What I’ve always liked about Let It Come Down is that Pierce sings about everything that is theoretically wrong or bad in a way that turns popular conceptions on their head in a head-on defiant way and seems to be thoroughly enjoying doing so—at least for the first four songs anyway. There’s a punk spirit infused into the life of those tracks, or if not quite punk, at least a Wildean sense of playfulness.
On Fire… bursts into life with a high fast tinkling piano motif that then gets pushed out by a note of feedback, roaring guitars and a pounding piano rhythm with J Spaceman telling us how he’s “on fire” with no way of putting himself out. But he sings it without regret, a great release, a proud “I did it my way” moment. Great opening lines: “Let’s see how far we can fly before the sun melts the wax on our wings,” which later turns into, “Let’s see how fast we can go before our eyes can’t follow the road.” The gospel choir doo-doos in the background, but essentially this is a rocker with some screechy horns, great chorus, rippling piano lines, with an intense electronic sheen and the main theme: “Come on my love / Come on my child / Let heaven flow / Into your soul / Let it come on down / Ease away the pain / You won’t feel / That way again.” So, apparently we’re on the comedown then, although this song is too upbeat and exciting to really translate any kind of downer onto the listener. Great opener and great fade out with the chorus: “Into your soul / into your soul / into your soul,” etc.
Do It All Over Again… opens with an energetic chiming melody while Pierce tells his listener, “you’d better come right down and do it all over again,” in what is quite a glorious upbeat melody with a gorgeous instrumental break and deep pounding bass drum bombs with effective use of a cymbal beat, almost Beatlesy. All the trademarks of the Spiritualized sound are in force, but on earlier albums where blaring horns and screeching strings were used to dissonant effect, here Pierce seems to have discovered a newfound love for soaring melody.
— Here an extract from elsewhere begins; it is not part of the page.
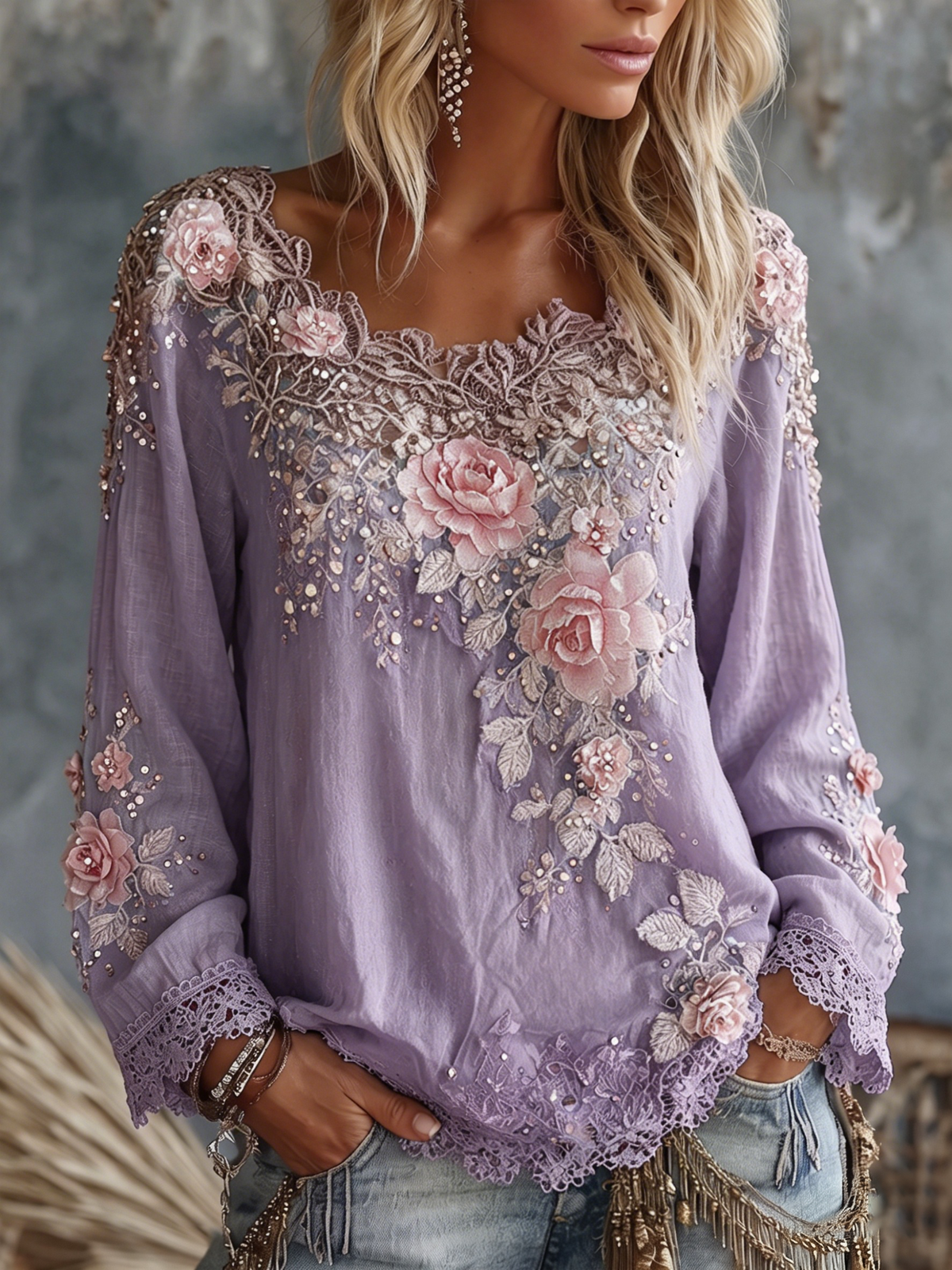 Cardydony - Women's Vintage Floral Crew Neck Long Sleeve Top - photo 4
This song is magnificent; an optimism pervades the mood, with lines like, “You’ve gotta hope for the best and the best looks great now, baby,” even while he’s planning on sleeping his life away. He’s defiant on these songs though, like he’s sending out a challenge to anyone who’d denigrate him. “I don’t think a few words of mine are gonna make your world go round / I’m sitting here looking at the TV burning holes in everything that I get” as if to say, no, I’ve not got it all sorted but who gives a shizen? He’s singing about coming down and getting straight back up again to ruin himself in some kind of self-punishing survivor-cycle. There’s a full orchestral pop aesthetic in force here: shimmering Telecaster, marimbas, tympani, tubular bells, saxophones, trumpets, trombones, clarinets and violins, minimoogs, Farfisa compact, Hammond organ etc etc.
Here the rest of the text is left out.